A stream in the woods with mossy rocks

Water: It’s critical to our life’s existence

The most critical part of our life's existence is the clean water we drink, use and enjoy on a daily basis. Water within a watershed is connected and recycled through a process called the water cycle.

Water Cycle Circle

The water or hydrologic cycle represents the constant movement of water from the earth's surface infiltrating through the soil into the groundwater, resurfacing to streams, and evaporating in the atmosphere and back again. In the process, water becomes a force of change as it erodes and carries various materials along with it.

Pollution can enter this water movement at any stage of the water cycle through many routes including air pollution, surface runoff, or groundwater contamination.
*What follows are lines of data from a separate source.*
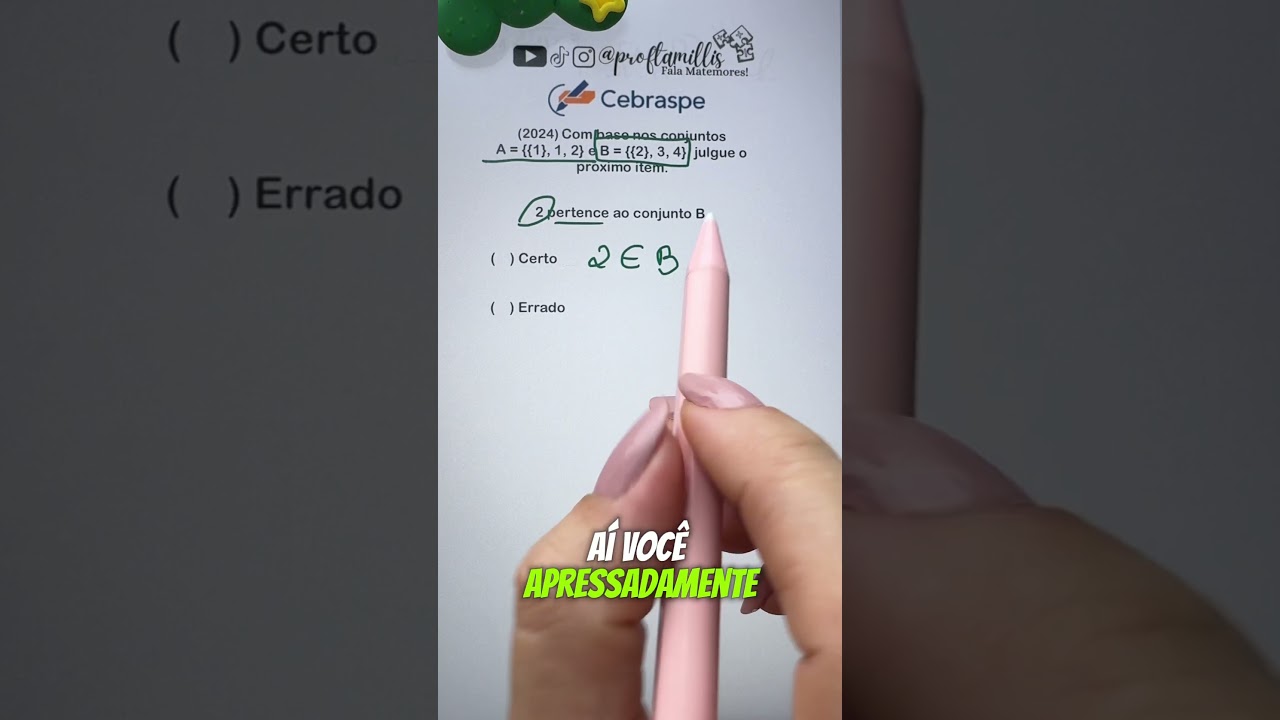 Cebraspe 2024) Com base nos conjuntos A={&hellip; #concurso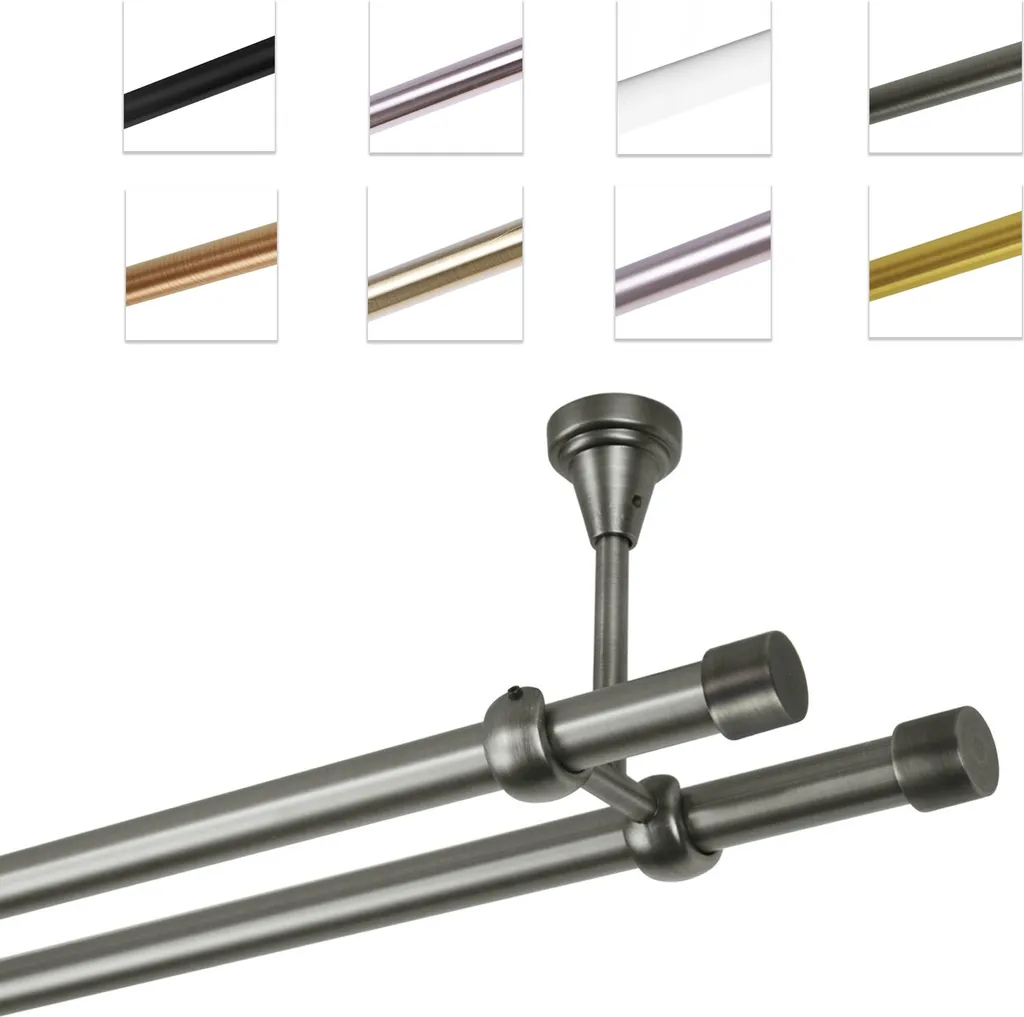 Kit Bastone Doppio Tende 200cm Acciaio Antico Montaggio a Soffitto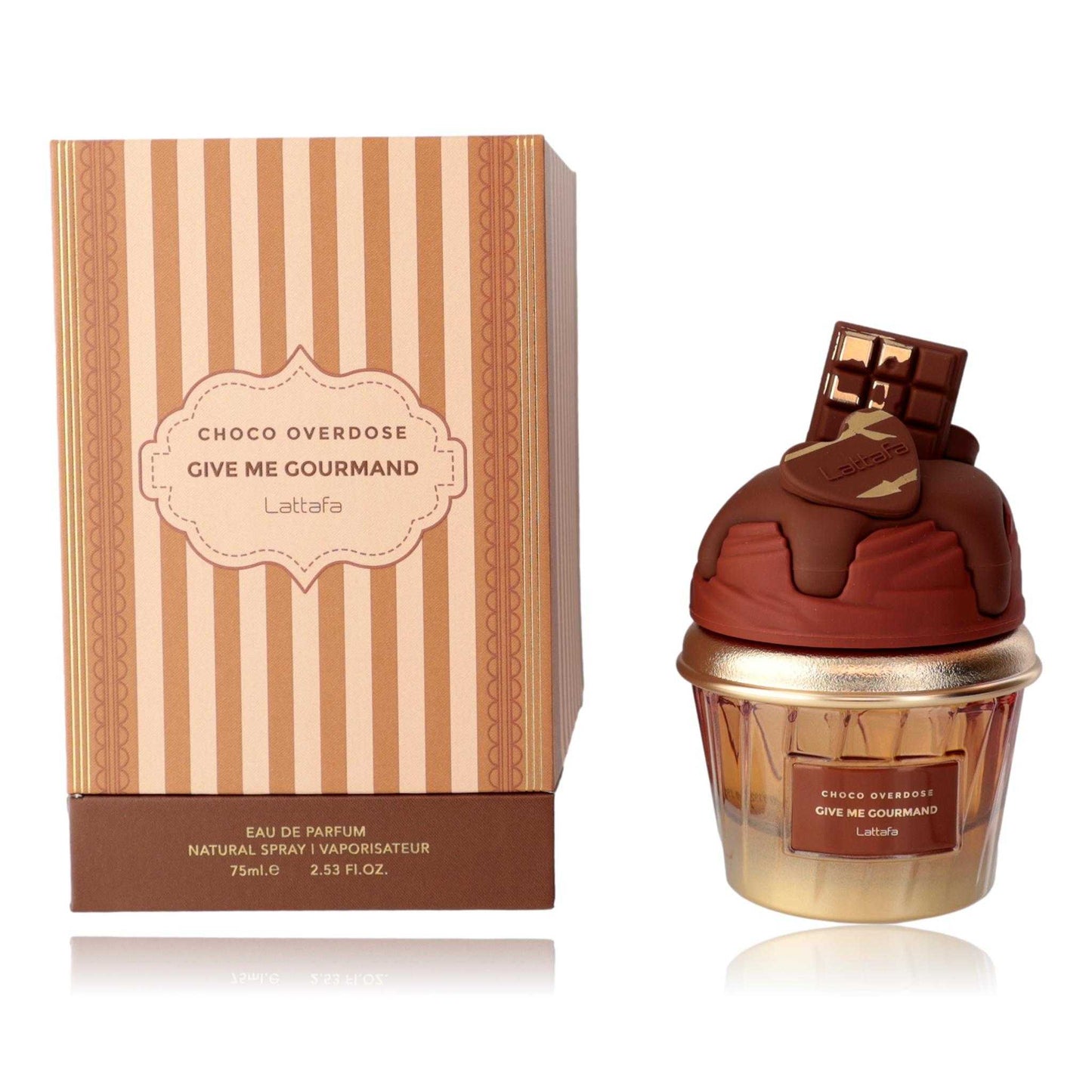 Lattafa Choco Overdose Give Me Gourmand EDP spray bottle with matching gift box
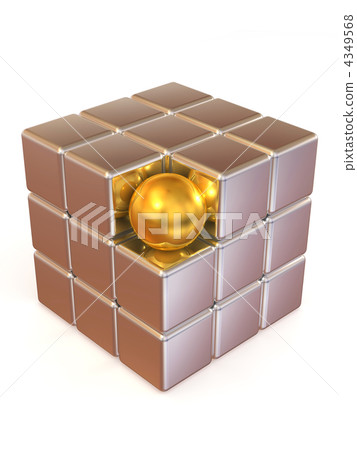 Boxes and sphere. Abstract image 4349568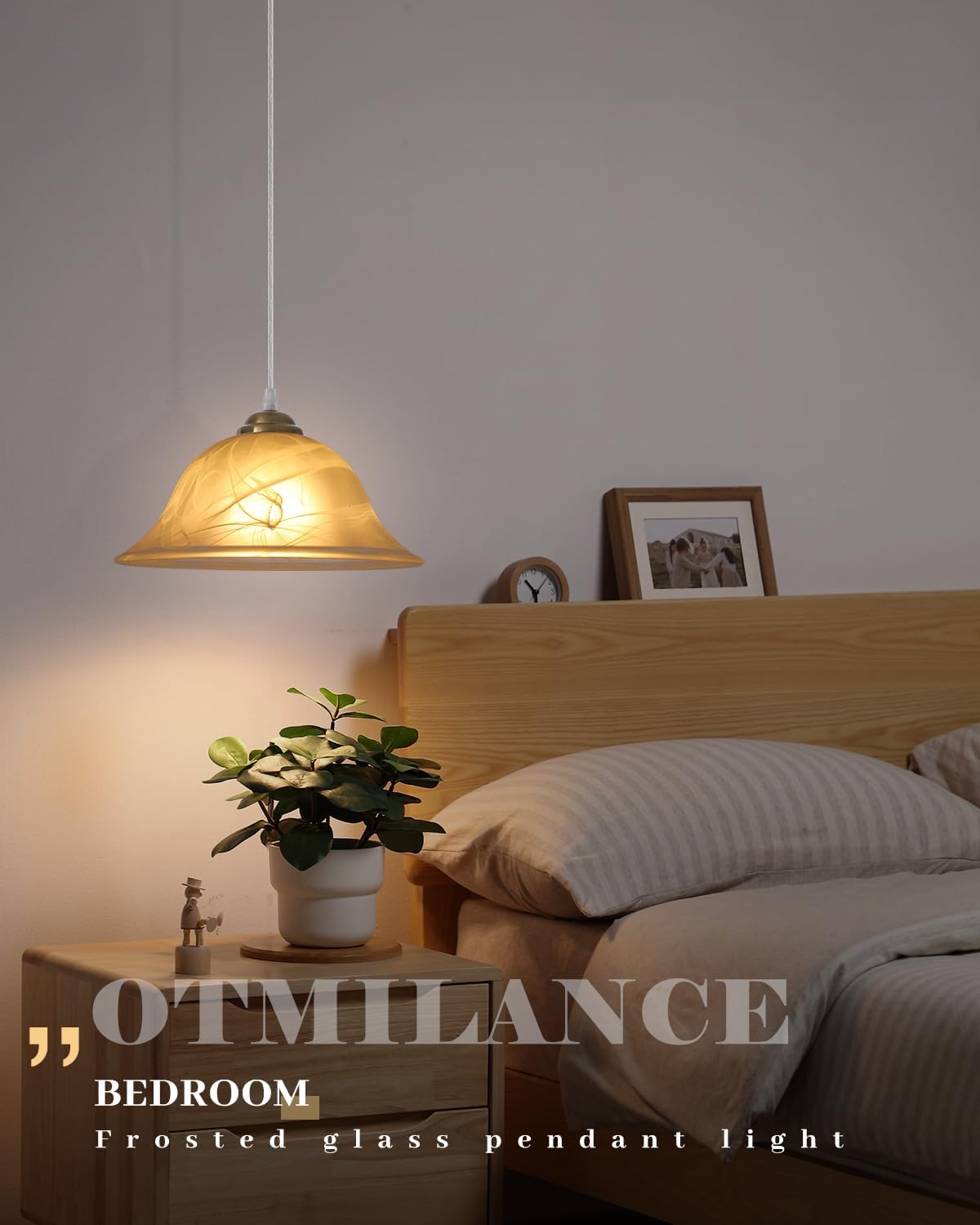 Glass Pendant Lights Kitchen Island, 11.8 Inch Frosted Glass Pendant Light, Gold Pendant Light 2-Pack, Kitchen Pendant Lights for Kitchen Island, Dining Room, Bar, Cafe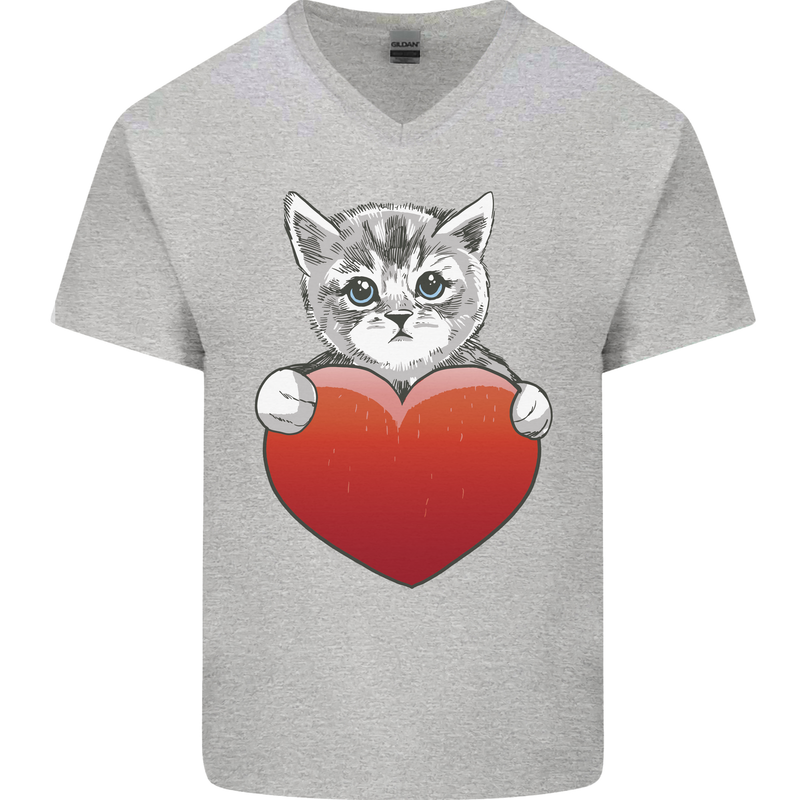 A Cute Cat With a Heart Love Valentines Day Mens V-Neck Cotton T-Shirt Sports Grey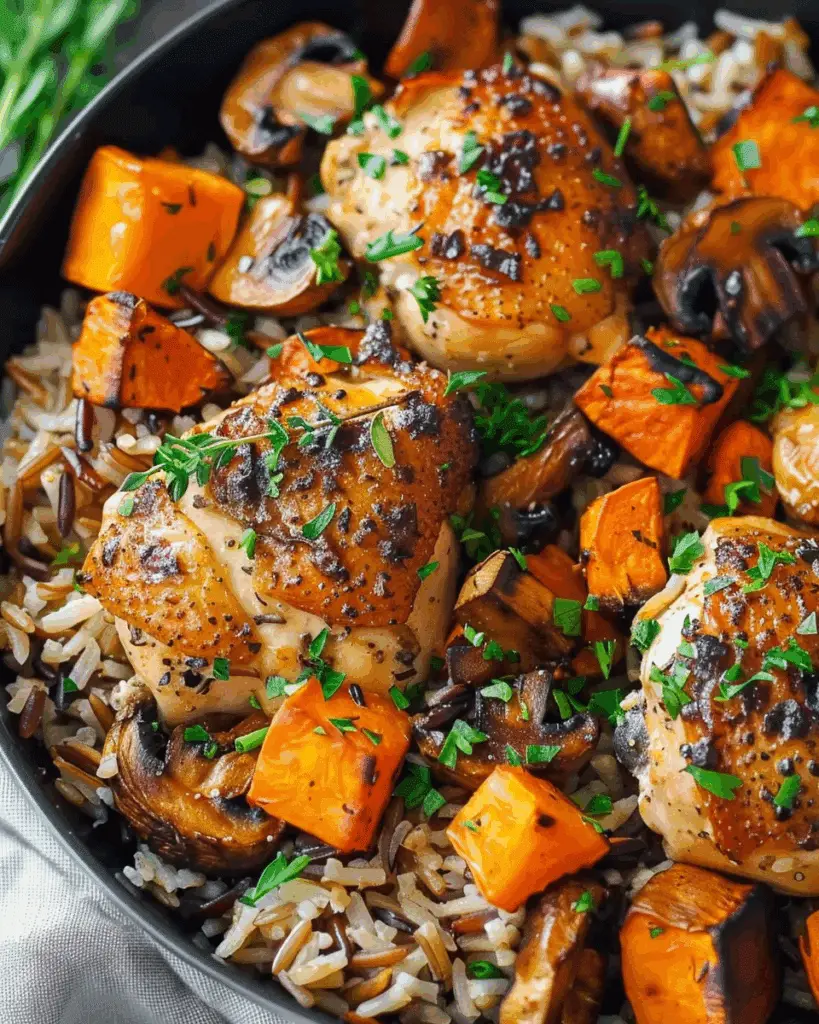 Chicken and Wild Rice with Roasted Sweet Potatoes and Mushrooms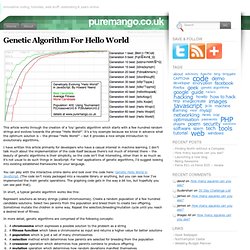 Genetic Algorithm For Hello World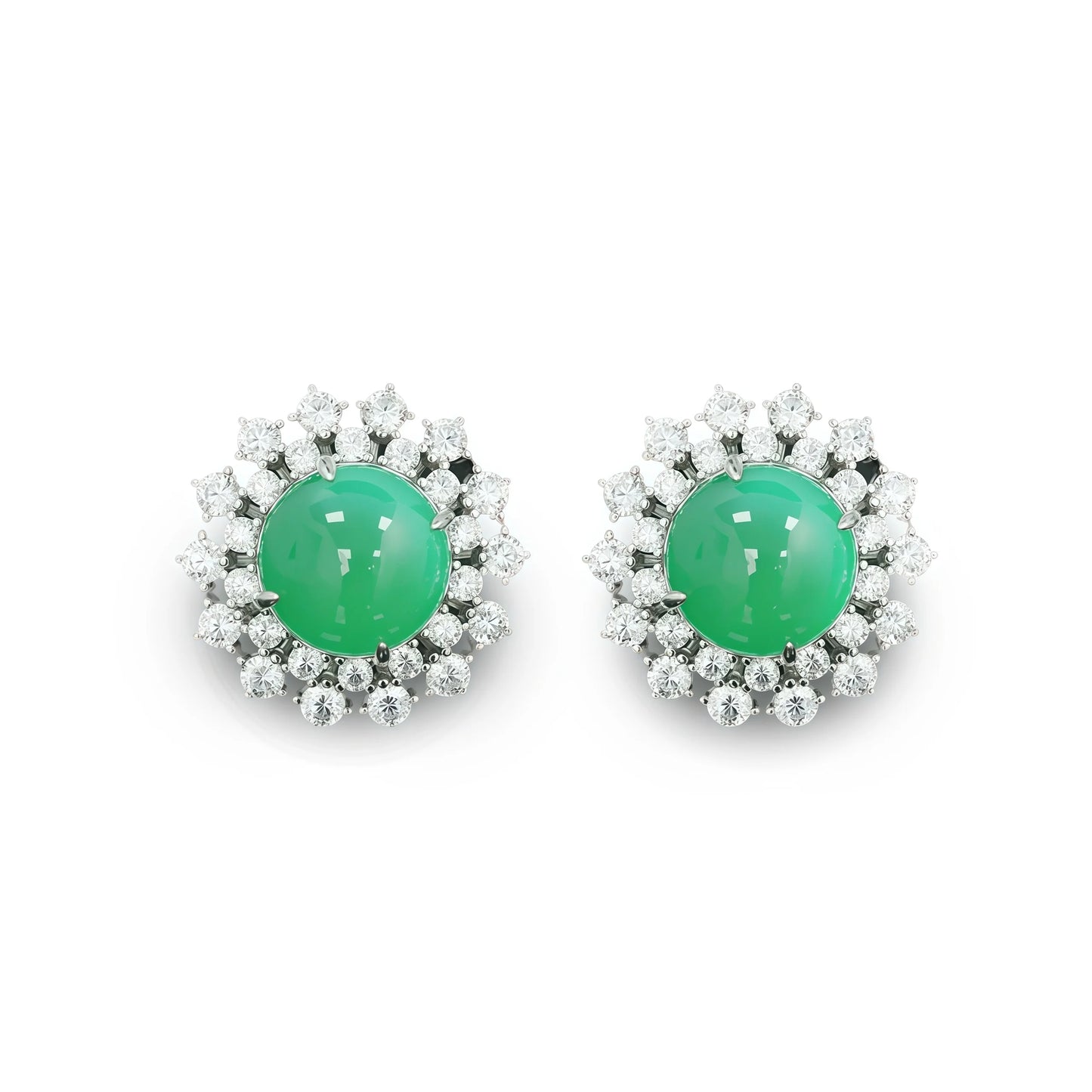 MUSHAN Jewelry Factory 925 Sterling Silver Stud Earrings High Carbon Diamond with Musa Green Natural Chalcedony Women Earrings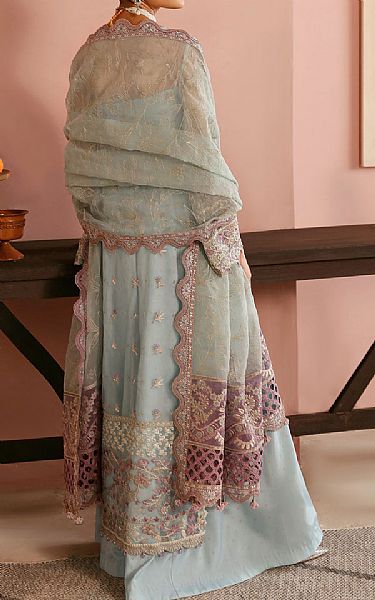 Ramsha Light Turquoise Organza Suit | Pakistani Embroidered Chiffon Dresses USA- Image 2
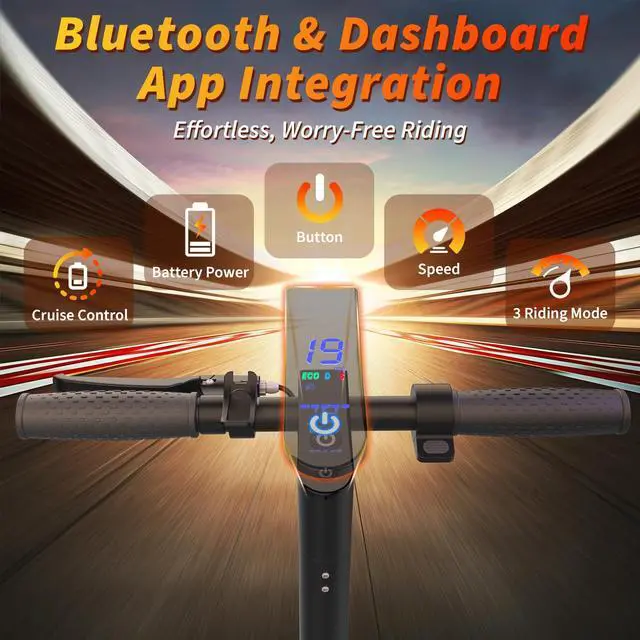 Alt view image 5 of 7 - Electric Scooter - 8.5" Solid Tires, 350W Motor, Up to 22 MPH and 24 Miles Long-Range Portable Foldable Commuting Scooter for Adults with Double Braking System and App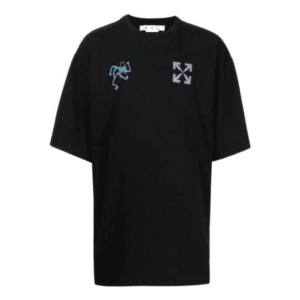 Camiseta Off-White Logo Printing Round Neck Short Sleeve Black
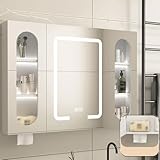 Spiegelschrank Badezimmer mit LED-Lichtern, 2 Türen, Dimmbarer Berührungssensor, Offene Regale, Medikamentenaufbewahrung - Große Spiegelaufbewahrungslösung
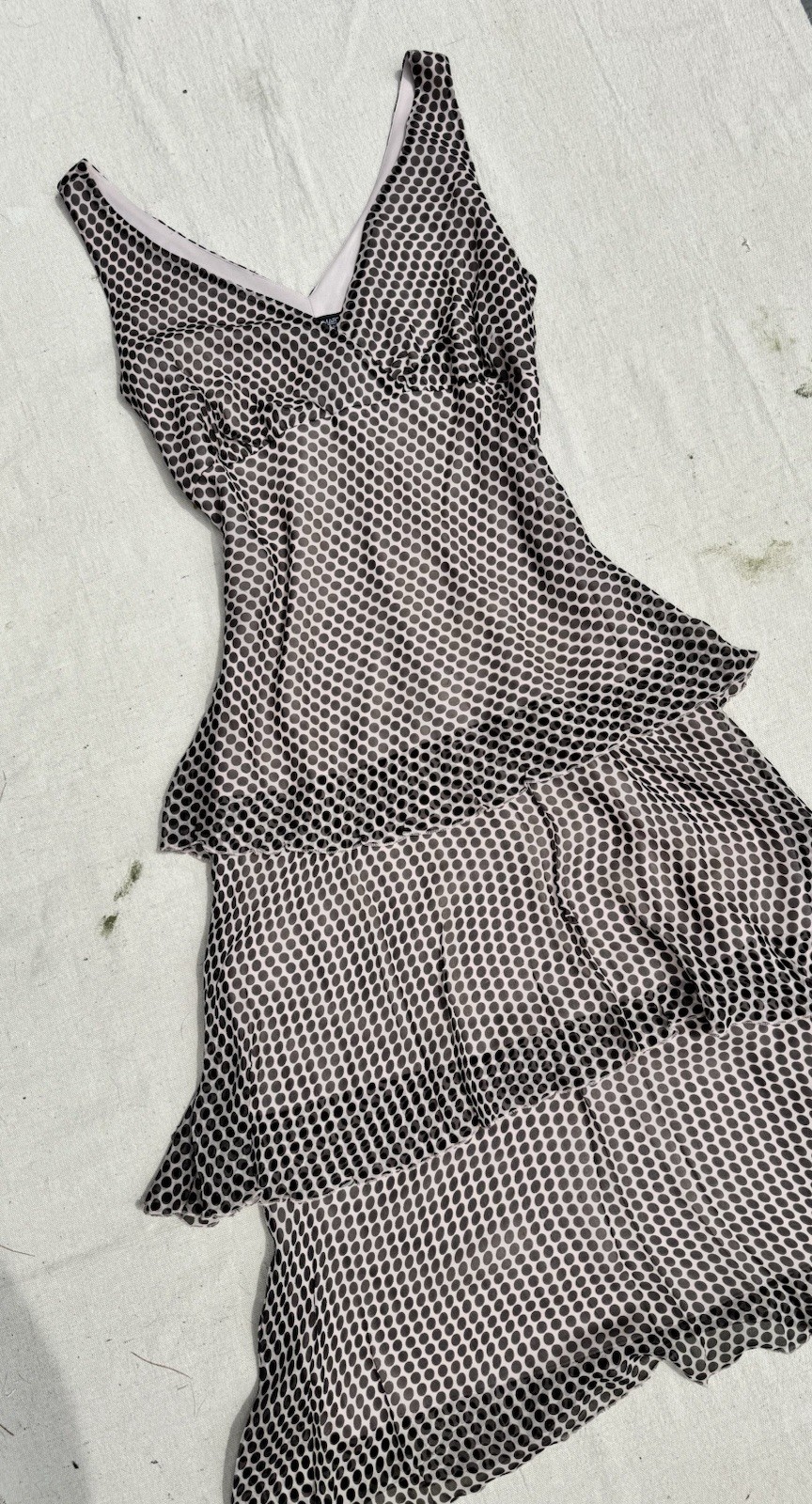 Vintage 1990s y2k Polka Dot Silk Dress Tiered Black White Midi Dress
In Pike County watersheds, water pollution commonly takes the form of sedimentation from soil erosion, septic tank leachate, lawn fertilizers and pesticides, road salt, motor oil and other petroleum products, and stormwater runoff.

Any one of these many different sources of contamination can, by itself, be a threat to water quality within the watershed. However, the cumulative effect of different sources of contamination, also known as non-point source pollution, can have a much greater negative impact on surface or groundwater (drinking water) supplies within a watershed.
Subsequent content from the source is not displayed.